Working data:

##############################

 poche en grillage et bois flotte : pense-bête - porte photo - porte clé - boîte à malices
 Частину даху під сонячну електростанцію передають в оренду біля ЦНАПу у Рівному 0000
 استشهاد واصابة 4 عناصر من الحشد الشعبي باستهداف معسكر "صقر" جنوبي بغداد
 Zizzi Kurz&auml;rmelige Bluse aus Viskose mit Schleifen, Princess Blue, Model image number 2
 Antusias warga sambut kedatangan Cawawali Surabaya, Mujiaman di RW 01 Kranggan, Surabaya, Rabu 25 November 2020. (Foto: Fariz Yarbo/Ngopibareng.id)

##############################

Directions for this task: Make an exact transcription of the entries above.

Final answer:
 poche en grillage et bois flotte : pense-bête - porte photo - porte clé - boîte à malices
 Частину даху під сонячну електростанцію передають в оренду біля ЦНАПу у Рівному 0000
 استشهاد واصابة 4 عناصر من الحشد الشعبي باستهداف معسكر "صقر" جنوبي بغداد
 Zizzi Kurz&auml;rmelige Bluse aus Viskose mit Schleifen, Princess Blue, Model image number 2
 Antusias warga sambut kedatangan Cawawali Surabaya, Mujiaman di RW 01 Kranggan, Surabaya, Rabu 25 November 2020. (Foto: Fariz Yarbo/Ngopibareng.id)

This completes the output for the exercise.